I often get fastq files at the beginning of my workflow, but I'm wondering why R1 only has a length of 26 not the same as 98 or 150 in R2.
I get it Cellbarcode + UMI = 26/28 from 10X library prep. However, in a paired-end setting, should the length of R1 be the same as R2?
I guess the R1 is trimmed from the early pipeline, but why? I read the paired-end reads have a higher chance to map to the ref genome, doesn't the trimming induce some power loss?
Could someone provide some insight into this?
Also, is it really someone would set the sequence cycle to 98 instead of 100? Do I miss something here?
Thanks
I will address things that were not directly answered in answer below.
No. There is no requirement that the length of main reads (or for that matter index reads) be identical.
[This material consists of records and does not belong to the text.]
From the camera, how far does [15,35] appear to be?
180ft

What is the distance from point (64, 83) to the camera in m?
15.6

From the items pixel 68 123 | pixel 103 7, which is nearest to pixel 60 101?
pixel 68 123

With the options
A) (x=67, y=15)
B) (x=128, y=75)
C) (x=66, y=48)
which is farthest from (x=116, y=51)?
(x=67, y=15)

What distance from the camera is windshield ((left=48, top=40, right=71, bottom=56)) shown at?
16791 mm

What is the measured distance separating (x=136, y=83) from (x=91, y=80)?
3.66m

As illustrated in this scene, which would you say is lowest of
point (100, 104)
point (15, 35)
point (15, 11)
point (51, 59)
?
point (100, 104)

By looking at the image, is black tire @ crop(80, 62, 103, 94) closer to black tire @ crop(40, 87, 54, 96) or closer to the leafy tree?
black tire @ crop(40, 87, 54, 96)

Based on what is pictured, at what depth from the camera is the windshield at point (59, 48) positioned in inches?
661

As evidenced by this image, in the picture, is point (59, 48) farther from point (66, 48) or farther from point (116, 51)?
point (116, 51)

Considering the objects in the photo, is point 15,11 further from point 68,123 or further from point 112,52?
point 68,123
You just need to make sure that the total length of all cycles (sequence + index) is not more than the rated capacity of sequencing kit being used.
No not if you set the run up as a 26 bp read 1.
Not necessarily. Paired-end reads give us an anchor on the genome so the insert size can be discerned.
Yes one can. You do not have to use all sequencing cycles provided by a sequencing kit.
Wow, these comments are very insightful and helpful.
Oh, I see. Do you know if this is done in practice by chance?
I agree the insert size is definitely a concern. Here is the article I refer to figure.
This is done deliberately for 10x samples since 10x recommends that the samples be sequenced like this.
Since you are capturing a relatively small fragment in single cell technologies there is no precedent to do paired-end sequencing. So the insert size does not come into play compared to bulk RNAseq.
As a general aside, there are many benefits to paired-end sequencing aside from insert size (which isn't really used in many RNAseq mapping tools).
The benefits to paired-end sequencing are to capture more information which can help with alignment and also helps with transcript isoform resolution. It's better than making single-end read longer because you get more coverage over the length of a gene. We see these benefits with the paired-endness of certain single cell umi protocols like smart-seq3.